As a retirement planning tool, permanent life insurance also defeats its counterpart, term insurance, sources say. In theory, the popular refrain, "buy term and invest the difference," is a lower cost retirement planning strategy. But advisors note that most people don't have the discipline to follow this strategy through to its completion.

"Buying term insurance and investing the difference is a fine concept, but every study will tell you that no one is doing it," says Maynard.

In a 2003 Harris Interactive survey commissioned by Northwestern Mutual, 77% of more than 1,000 financial decision makers ages 21 to 55 with household incomes of $50,000 or more indicated they buy term insurance to save money for long-term financial goals, but admit they lack the discipline to support the goals.

Result: Most of these individuals (86%) are not investing the difference in cost between term and permanent insurance. And 17% said they spend all the money they save every year. Also, 48% of term owners (versus 32% of permanent policy owners) said they were unprepared for a major a financial setback.

The study found, too, that cost was the most important factor in their decision to buy term insurance. Low annual premiums and "getting a lot of coverage for an affordable price" were cited by 85% and 89% of respondents, respectively, in their decision to buy term.

Yet, sources point out, term insurance can be substantially more expensive over the long haul. Radden illustrates this using the example of a 35-year-old male who can be expected to live to age 79. On a policy with a face amount of $1 million, over the remaining 44 years, he will have paid–assuming an ability to fund the rising mortality costs–$299,000 in term insurance premiums. This compares with $154,000 in premium outlays for a participating whole life policy, part of which is covered by policy dividends.

The dividend payout, contends Bob Castiglione, president, CEO and founder of Leap Systems, Bridgewater, N.J., is key to understanding not only why whole life insurance is superior to term insurance cost-wise, but also trumps other cash value policies–notably universal life and variable universal life contracts–in the product's ability to meet financial planning objectives.

While dividends can be used to purchase additional insurance ("paid-up additions") or be received as income, a popular option among retirees is to apply the dividends to the annual premium. Beyond a certain point (say, age 65) the dividends can exceed the premiums, so the retiree would not have to make a premium outlay. The dividends simultaneously grow the cash value, thereby creating a bigger dividend, which may be received as income.

"Life insurance is the only product in the world wherein both the principal and income grow at retirement," says Castiglione. "That makes it the best retirement planning tool. And when you die, there is a tax-free death benefit. Nothing can beat that."

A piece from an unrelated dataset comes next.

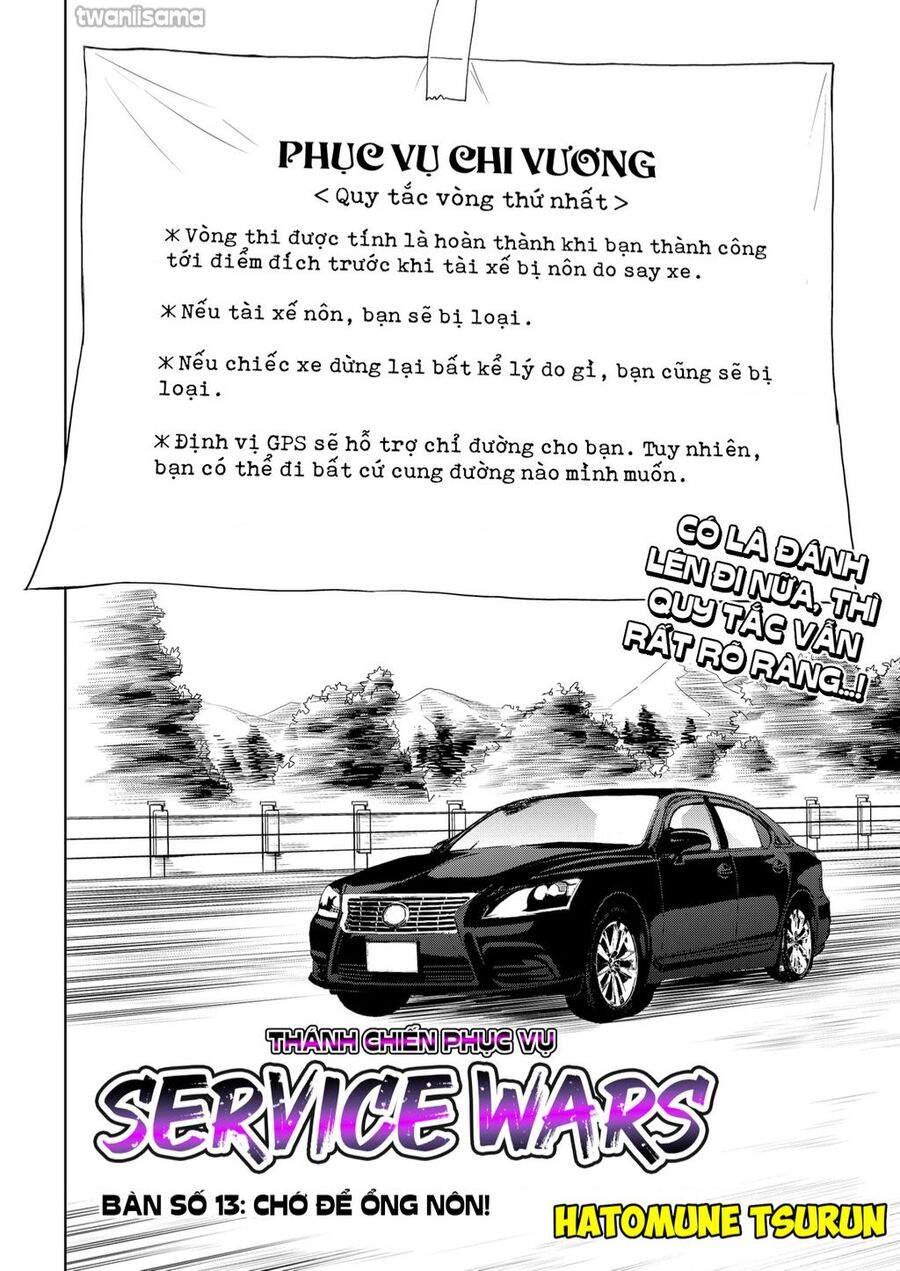 Service Wars - Thánh Chiến Phục Vụ Chapter 13 - 2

Some in the insurance industry, he adds, overemphasize the supposed benefits of UL and VUL alternatives: flexible premium payments, high rates of return (in the case of VUL) and the cash value component.

A key problem with the illustrations used to market these other products, he says, is that they assume average rates of return rather than actual, fluctuating rates. He adds that borrowing against a policy's cash value can put the contract at risk if the policy holder is unable to pay an increased premium, the loan interest or the loan balance.

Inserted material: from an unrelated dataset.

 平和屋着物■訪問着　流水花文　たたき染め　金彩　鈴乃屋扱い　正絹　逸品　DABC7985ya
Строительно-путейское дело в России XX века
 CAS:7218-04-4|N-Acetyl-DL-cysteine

Castiglione, discounts, too, whole life's higher premiums relative to the lower premiums engendered by UL and VUL contracts. He observes that whole life policyholders receive better benefits, including disability protection, tax-sheltering, creditor protection, privacy of assets and increasing death benefits. He notes, however, that UL and VUL are appropriate as a supplement to whole life insurance to round out the client's insurance portfolio.

Maynard disagrees. "The reality is that one size does not fit all," she says. "In considering a policy, one has to weigh not only financial objectives, time horizon and risk tolerance, but also cost. Everyone has a different personal situation. Many people simply can't afford whole life."